Task details: Please give back, word for word, each line from the start of the entries through the one in which "15 Packs 20" is found.

Dataset excerpts:
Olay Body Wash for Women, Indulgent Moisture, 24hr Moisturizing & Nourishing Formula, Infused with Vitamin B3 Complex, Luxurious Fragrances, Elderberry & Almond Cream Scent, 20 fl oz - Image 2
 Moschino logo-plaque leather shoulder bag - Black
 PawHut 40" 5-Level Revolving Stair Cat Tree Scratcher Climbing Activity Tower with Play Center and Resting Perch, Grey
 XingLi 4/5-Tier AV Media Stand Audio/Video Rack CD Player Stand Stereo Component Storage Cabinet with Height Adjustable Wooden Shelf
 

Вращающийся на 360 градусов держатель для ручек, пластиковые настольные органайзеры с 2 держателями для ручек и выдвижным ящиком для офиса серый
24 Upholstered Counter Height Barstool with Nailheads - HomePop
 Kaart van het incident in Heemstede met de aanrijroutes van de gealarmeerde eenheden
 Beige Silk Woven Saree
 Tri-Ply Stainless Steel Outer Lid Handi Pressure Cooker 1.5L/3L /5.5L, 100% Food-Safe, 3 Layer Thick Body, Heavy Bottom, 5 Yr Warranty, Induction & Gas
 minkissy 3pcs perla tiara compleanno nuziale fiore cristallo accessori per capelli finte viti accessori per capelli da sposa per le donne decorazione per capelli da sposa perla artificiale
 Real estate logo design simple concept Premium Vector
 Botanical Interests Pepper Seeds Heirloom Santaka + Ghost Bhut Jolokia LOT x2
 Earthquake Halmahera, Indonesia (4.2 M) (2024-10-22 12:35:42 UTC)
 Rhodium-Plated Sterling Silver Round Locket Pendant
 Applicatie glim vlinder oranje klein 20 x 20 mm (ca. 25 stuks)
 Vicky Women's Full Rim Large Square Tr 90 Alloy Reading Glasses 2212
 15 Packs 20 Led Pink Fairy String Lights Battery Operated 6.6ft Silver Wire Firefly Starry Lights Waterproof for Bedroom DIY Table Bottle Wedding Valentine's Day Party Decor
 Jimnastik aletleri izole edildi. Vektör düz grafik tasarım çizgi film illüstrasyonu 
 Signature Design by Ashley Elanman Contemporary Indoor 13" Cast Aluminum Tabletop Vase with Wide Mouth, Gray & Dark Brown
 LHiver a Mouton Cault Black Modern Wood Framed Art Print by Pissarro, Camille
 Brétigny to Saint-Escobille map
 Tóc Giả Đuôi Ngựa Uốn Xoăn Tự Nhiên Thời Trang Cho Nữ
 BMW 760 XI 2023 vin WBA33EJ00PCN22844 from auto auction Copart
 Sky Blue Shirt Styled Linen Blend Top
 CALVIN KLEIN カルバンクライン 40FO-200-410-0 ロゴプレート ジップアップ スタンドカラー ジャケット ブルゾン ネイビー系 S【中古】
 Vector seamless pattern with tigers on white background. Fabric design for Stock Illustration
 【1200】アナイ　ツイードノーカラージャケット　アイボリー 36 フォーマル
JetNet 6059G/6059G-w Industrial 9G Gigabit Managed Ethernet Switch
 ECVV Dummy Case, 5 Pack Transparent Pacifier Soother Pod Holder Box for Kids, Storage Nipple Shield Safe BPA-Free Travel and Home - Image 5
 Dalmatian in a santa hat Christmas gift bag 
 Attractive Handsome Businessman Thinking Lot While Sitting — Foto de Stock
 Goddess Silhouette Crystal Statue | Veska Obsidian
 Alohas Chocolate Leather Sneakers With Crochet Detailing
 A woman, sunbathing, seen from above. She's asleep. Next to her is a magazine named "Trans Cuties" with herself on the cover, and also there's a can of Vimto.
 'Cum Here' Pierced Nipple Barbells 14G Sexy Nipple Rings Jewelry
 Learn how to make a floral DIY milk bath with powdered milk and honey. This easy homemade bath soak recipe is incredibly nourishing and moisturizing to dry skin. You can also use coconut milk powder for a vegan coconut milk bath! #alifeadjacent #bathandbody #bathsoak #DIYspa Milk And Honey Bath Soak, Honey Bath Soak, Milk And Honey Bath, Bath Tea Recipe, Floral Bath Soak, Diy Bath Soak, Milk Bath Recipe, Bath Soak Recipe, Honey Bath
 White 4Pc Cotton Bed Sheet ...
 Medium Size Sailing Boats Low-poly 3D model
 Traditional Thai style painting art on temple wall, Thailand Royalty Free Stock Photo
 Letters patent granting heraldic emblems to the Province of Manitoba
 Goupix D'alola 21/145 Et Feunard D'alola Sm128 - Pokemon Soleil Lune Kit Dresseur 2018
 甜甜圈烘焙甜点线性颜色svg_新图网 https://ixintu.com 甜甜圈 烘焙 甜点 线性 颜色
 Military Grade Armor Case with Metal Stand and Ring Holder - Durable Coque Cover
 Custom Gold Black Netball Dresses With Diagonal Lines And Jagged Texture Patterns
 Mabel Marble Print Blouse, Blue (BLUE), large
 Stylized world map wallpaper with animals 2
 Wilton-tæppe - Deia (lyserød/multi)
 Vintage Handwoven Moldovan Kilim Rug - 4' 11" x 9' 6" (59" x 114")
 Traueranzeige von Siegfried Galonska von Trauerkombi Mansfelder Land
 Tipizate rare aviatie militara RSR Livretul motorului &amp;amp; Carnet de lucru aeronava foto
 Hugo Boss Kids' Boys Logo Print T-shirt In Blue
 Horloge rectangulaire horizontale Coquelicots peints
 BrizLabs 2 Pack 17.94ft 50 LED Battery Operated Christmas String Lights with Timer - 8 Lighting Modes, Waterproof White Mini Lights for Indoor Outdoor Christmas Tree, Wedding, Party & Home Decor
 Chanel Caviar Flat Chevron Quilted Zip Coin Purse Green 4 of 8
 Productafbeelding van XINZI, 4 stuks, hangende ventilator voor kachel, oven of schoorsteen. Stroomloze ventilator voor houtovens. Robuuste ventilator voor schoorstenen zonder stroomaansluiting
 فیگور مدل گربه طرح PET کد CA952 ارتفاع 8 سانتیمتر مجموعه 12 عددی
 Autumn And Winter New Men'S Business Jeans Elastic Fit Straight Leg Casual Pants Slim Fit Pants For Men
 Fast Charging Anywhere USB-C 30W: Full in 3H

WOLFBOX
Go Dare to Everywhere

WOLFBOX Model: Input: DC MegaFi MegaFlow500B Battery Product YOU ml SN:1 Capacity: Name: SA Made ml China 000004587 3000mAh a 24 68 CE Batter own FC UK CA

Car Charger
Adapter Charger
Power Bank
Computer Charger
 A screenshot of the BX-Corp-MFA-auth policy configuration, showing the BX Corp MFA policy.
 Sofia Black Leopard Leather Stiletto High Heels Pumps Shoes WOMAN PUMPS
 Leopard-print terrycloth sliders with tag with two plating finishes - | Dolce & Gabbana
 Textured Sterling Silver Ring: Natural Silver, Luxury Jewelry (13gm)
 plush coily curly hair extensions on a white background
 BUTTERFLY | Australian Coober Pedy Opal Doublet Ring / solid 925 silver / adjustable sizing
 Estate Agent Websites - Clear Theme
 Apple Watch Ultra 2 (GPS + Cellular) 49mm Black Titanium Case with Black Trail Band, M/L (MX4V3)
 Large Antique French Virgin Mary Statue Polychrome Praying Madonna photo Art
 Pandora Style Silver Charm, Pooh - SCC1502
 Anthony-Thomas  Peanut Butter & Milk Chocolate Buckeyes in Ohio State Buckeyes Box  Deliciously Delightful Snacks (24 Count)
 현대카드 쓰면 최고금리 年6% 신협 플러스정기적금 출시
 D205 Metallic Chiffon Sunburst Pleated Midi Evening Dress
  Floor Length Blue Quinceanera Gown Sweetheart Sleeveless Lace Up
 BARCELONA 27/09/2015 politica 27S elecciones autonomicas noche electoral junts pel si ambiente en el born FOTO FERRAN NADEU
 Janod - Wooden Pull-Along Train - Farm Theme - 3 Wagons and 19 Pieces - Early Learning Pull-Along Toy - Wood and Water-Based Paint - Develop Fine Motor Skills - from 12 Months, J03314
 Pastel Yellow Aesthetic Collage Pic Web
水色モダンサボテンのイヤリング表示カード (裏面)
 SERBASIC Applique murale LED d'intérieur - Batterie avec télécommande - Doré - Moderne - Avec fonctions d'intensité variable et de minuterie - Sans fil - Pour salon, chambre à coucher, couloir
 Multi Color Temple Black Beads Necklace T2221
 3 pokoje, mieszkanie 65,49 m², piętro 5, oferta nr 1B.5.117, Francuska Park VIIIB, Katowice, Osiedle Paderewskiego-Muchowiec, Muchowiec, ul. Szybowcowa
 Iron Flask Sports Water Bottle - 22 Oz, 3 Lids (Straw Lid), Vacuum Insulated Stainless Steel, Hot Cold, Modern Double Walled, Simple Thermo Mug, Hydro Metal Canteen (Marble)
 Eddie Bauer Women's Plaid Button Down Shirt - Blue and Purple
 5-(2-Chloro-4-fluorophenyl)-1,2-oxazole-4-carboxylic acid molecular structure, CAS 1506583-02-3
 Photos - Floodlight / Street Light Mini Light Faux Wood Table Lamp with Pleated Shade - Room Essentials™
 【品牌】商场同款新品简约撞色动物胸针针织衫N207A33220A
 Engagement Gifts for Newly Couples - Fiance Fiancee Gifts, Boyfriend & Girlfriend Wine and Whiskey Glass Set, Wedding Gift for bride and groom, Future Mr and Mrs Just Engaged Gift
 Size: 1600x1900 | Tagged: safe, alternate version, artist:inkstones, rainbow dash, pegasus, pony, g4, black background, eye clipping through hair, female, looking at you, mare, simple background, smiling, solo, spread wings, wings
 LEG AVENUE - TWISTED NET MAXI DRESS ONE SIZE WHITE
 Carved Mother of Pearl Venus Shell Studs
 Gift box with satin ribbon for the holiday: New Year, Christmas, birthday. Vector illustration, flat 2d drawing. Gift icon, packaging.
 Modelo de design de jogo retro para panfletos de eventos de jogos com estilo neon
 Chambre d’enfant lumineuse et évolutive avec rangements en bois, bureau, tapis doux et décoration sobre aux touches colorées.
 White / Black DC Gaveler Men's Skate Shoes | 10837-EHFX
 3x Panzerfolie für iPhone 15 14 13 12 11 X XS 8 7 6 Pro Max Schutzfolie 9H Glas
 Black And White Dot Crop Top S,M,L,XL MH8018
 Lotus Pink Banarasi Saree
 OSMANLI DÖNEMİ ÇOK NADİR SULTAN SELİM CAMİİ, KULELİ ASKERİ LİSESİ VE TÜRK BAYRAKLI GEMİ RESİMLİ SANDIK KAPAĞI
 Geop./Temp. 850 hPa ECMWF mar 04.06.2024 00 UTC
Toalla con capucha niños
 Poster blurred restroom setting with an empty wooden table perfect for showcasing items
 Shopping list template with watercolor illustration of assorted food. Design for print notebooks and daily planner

Reply:
Olay Body Wash for Women, Indulgent Moisture, 24hr Moisturizing & Nourishing Formula, Infused with Vitamin B3 Complex, Luxurious Fragrances, Elderberry & Almond Cream Scent, 20 fl oz - Image 2
 Moschino logo-plaque leather shoulder bag - Black
 PawHut 40" 5-Level Revolving Stair Cat Tree Scratcher Climbing Activity Tower with Play Center and Resting Perch, Grey
 XingLi 4/5-Tier AV Media Stand Audio/Video Rack CD Player Stand Stereo Component Storage Cabinet with Height Adjustable Wooden Shelf
 

Вращающийся на 360 градусов держатель для ручек, пластиковые настольные органайзеры с 2 держателями для ручек и выдвижным ящиком для офиса серый
24 Upholstered Counter Height Barstool with Nailheads - HomePop
 Kaart van het incident in Heemstede met de aanrijroutes van de gealarmeerde eenheden
 Beige Silk Woven Saree
 Tri-Ply Stainless Steel Outer Lid Handi Pressure Cooker 1.5L/3L /5.5L, 100% Food-Safe, 3 Layer Thick Body, Heavy Bottom, 5 Yr Warranty, Induction & Gas
 minkissy 3pcs perla tiara compleanno nuziale fiore cristallo accessori per capelli finte viti accessori per capelli da sposa per le donne decorazione per capelli da sposa perla artificiale
 Real estate logo design simple concept Premium Vector
 Botanical Interests Pepper Seeds Heirloom Santaka + Ghost Bhut Jolokia LOT x2
 Earthquake Halmahera, Indonesia (4.2 M) (2024-10-22 12:35:42 UTC)
 Rhodium-Plated Sterling Silver Round Locket Pendant
 Applicatie glim vlinder oranje klein 20 x 20 mm (ca. 25 stuks)
 Vicky Women's Full Rim Large Square Tr 90 Alloy Reading Glasses 2212
 15 Packs 20 Led Pink Fairy String Lights Battery Operated 6.6ft Silver Wire Firefly Starry Lights Waterproof for Bedroom DIY Table Bottle Wedding Valentine's Day Party Decor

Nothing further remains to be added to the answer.